Original image before digital reworking. Image credit: © 2003-2005 Jacques Joffre Improved image before digital reworking. Image credit: © 2003-2005 Jacques Joffre
Original image before digital reworking.
Image credit:
© 2003-2005 Jacques Joffre
Improved image before digital reworking.
Image credit:
© 2003-2005 Jacques Joffre

There are several other ‘worked’ examples on this page.

There are many finished example images at Flickr: the linked page shows examples and provides many links to more images.

how the enhancement software works

This FAQ page explains the principles and the process used to make pictures like the right-hand one above.

“Tone mapping algorithms scale the dynamic range down while attempting to preserve the appearance of the original image captured. Tone mapping operators are divided into two broad categories, global and local.

  • “Global operators
    Map each pixel based on its intensity and global image characteristics, regardless of the pixel's spatial location. An example of a global type of tone mapping is a tonal curve.
    Global tone mapping is OK for processing 12-bit sensor data but usually does not produce photographically pleasing images when applied to 32-bit HDR images.

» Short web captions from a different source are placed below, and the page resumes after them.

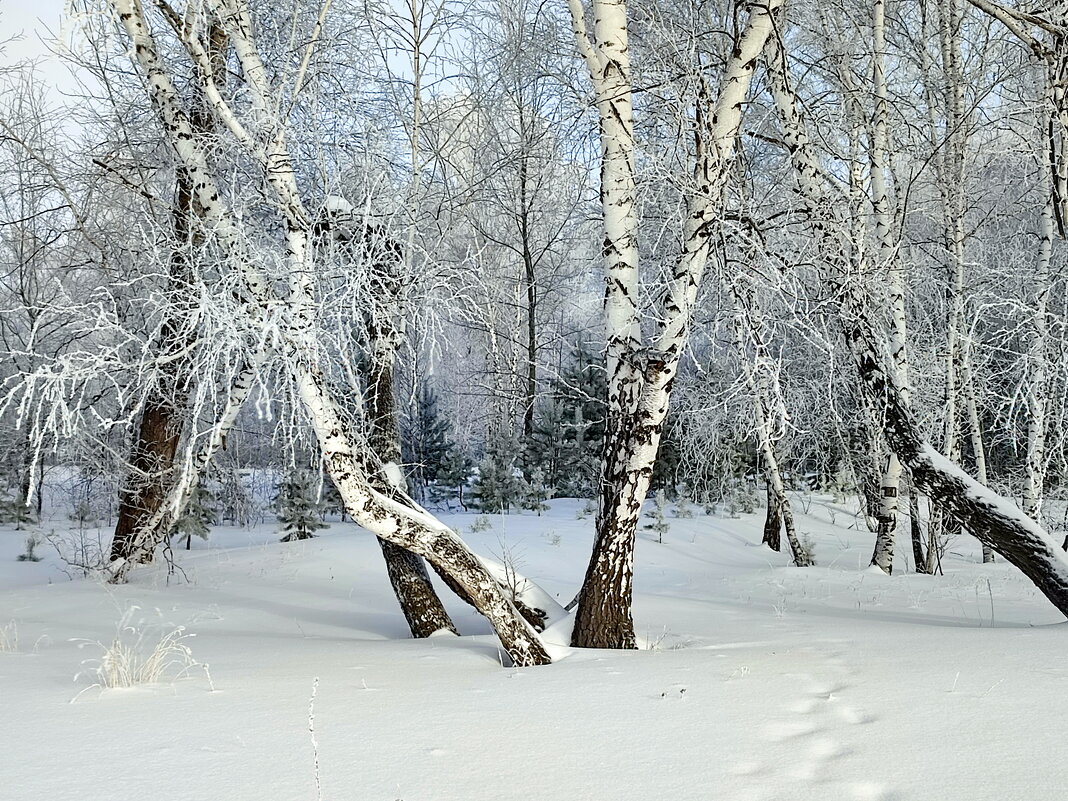 Заметает следы , заметает.... - Валентина Богатко Заметает следы , заметает.... - Валентина Богатко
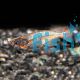 Neon Blue Rice Fish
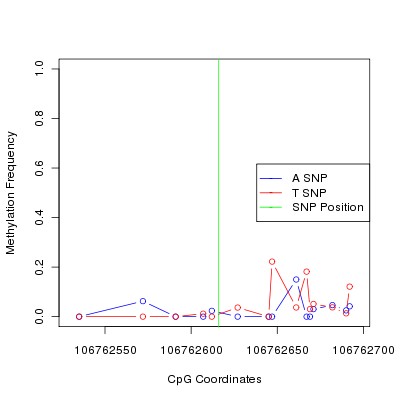 Allele Specific Methylation Frequency Diagram for chr12 106762616 SNP.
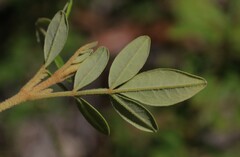 Boronia umbellata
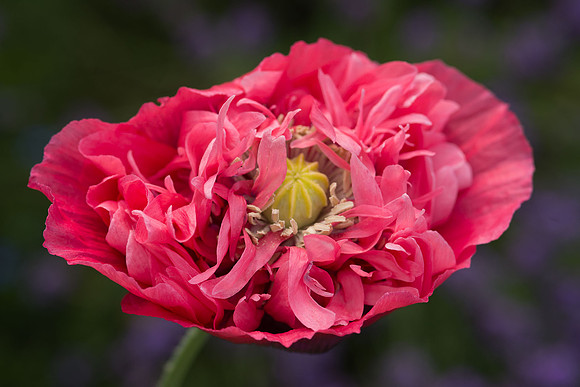 GardenFlowers-208.jpg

This is because all pixels of the image are processed in a similar way, regardless of whether they are located in a bright or dark area. This often results in a tone mapped image that looks "flat", having lost its local details in the conversion process.
  • “Local operators
    Take into account the pixel's location in the image in order to determine the appropriate scaling for this pixel. So, a pixel of a given intensity will be mapped to a different value depending on whether it is located in a dark or bright area.
    Local tone mapping requires looking up surrounding values for each pixel mapped, which makes it slower (memory access is the major speed bottleneck on today's computers) but tends to produce more pleasing results (our eyes react locally to contrast). If correctly done, this results in an image preserving local contrast as well as details in highlights and shadows, as shown on those examples.”

In other words, having taken a number of photos of the same view, but with different exposure times, the best exposed parts of the different photos are melded together to make a well-lit final picture. The result can be so highly defined that is reminisant of some Pre-Raphaelite paintings, such as those by John Millais.

The Woodman's daughter by John Evrett Millais, 1851
The Woodman's daughter by John Evrett Millais, 1851

the photomatix software

The software to do this melding, is called Photomatix. There is a free trial version to download, or

“Photomatix Pro is a stand-alone program that runs on Mac OS X and Windows 98/Me/2000/XP. The Tone Mapping tool is also available separately as a plugin compatible with Photoshop CS2.

“One license for Photomatix Pro costs US$99 or €79. One license for the Tone Mapping Plug-In costs US$69 or €55.” [order page]

Lead from Limbic

abelard.org test-drives photomatix Four GoldenYak(tm) award

While the software insists that you feed two photographs to it in order for it to do its magic, in my view this is not the best way to use this software. Here’s what you should do:

  • Take a single image and make a copy with a different name in the same folder.
  • In the “Generate HDR” window, select just those two copies of the same image (the original and the one you have just made).
  • Generate and adjust the image as usual.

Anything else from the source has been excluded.